Camera sensor size is usually expressed in the total number of pixels. If your sensor is 4000 pixels wide and 3000 pixels high you have a 12,000,000 pixel or 12 megapixel sensor. Modern computer monitors have fixed horizontal and vertical pixel dimensions. Different monitor sizes can have the same pixel dimension, but different resolutions (see Resolution section below).
Resolution is the amount of pixels per length unit, commonly expressed as PPI (Pixels Per Inch) or DPI (Dots Per Inch).
- PPI is the correct way to express display or image resolution. For example, a 1920x1080 monitor that has a 30-inch wide display will have a 64 PPI horizontal resolution (1920 pixels / 30 inches = 64 PPI).

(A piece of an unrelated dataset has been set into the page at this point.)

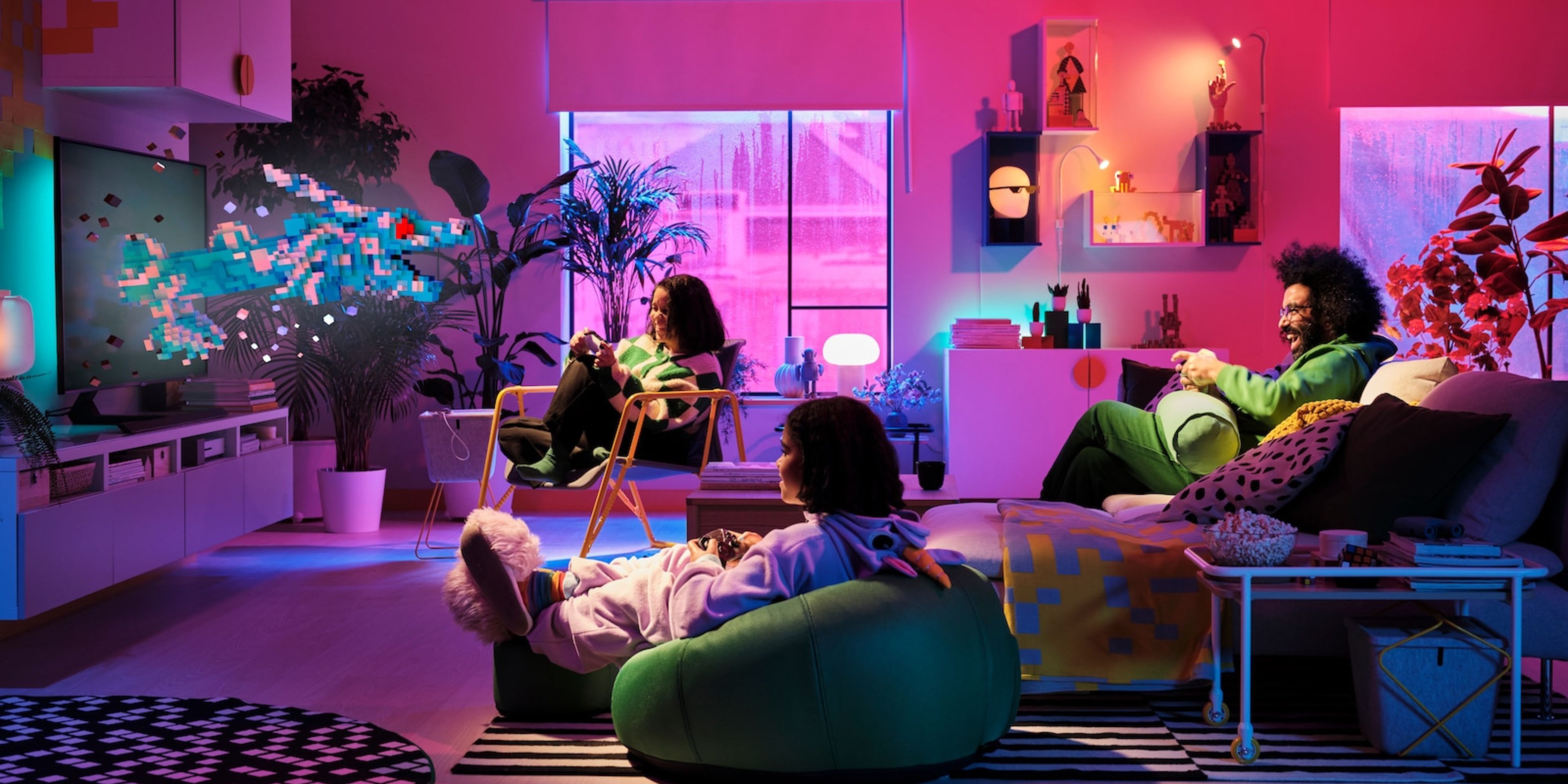 IKEA Launches Gaming Collection Designed For Comfort ikea-launches-gaming-collection-designed-for-comfort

The vertical resolution is usually the same value so that the pixels are square and do not distort images.
- DPI is a term from printing technology and refers to printed dots which form spots in a raster screen pattern. When an image is printed at a high enough resolution, you cannot detect spots but instead see a smooth gradient. Some printers simulate gradients with a raster screen pattern:
To view an image on a monitor, you can display each pixel of the image as a pixel on the monitor or scale the image to recalculate the image pixels since you can’t change the size of the monitor’s pixels. This can be as easy as multiplying existing pixels to upscale, or using more intelligent interpolation algorithms. Downscaling is done with similar methods.

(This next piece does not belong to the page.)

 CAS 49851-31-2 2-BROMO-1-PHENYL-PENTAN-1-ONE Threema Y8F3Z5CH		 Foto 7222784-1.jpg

Note: Repeated sampling of an image can result in quality loss. For best results, start from the original image and directly upscale or downscale to the output size (for example, avoid downscaling from an upscaled image).
When picture size is expressed in pixels without mentioning the resolution, the actual picture size that will be displayed is unknown. To get the size in inches, divide the size in pixels by the resolution in PPI.

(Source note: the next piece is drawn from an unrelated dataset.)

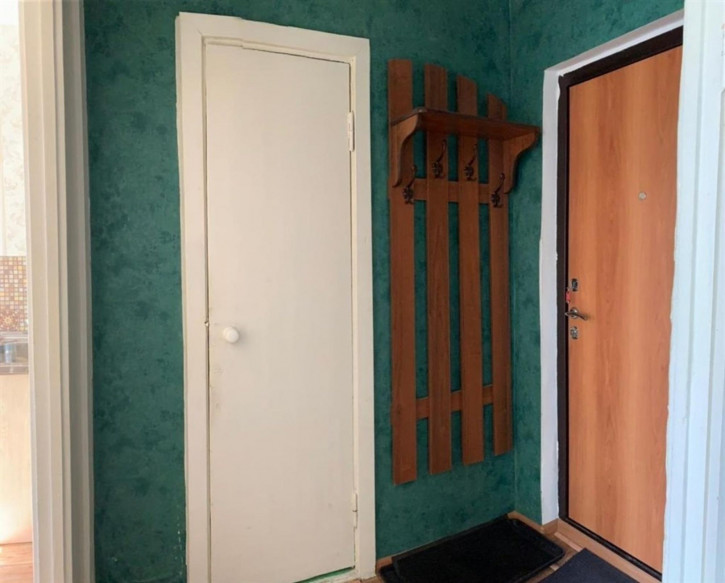 1-комн квартира Владимирская улица, 30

Example: If a 4000x3000 px image has a 300 dpi resolution, it will print as a 13.33 x 10 inch photo. At 150 dpi, the image will print as a 26.67 x 20 inch photo.
If you want an image to print as a specific size, you can either let your software change the resolution and let the print driver resample the image for output, or you can manually resample to the correct resolution which means changing the pixel size of the image. In most cases both options will have the same effect.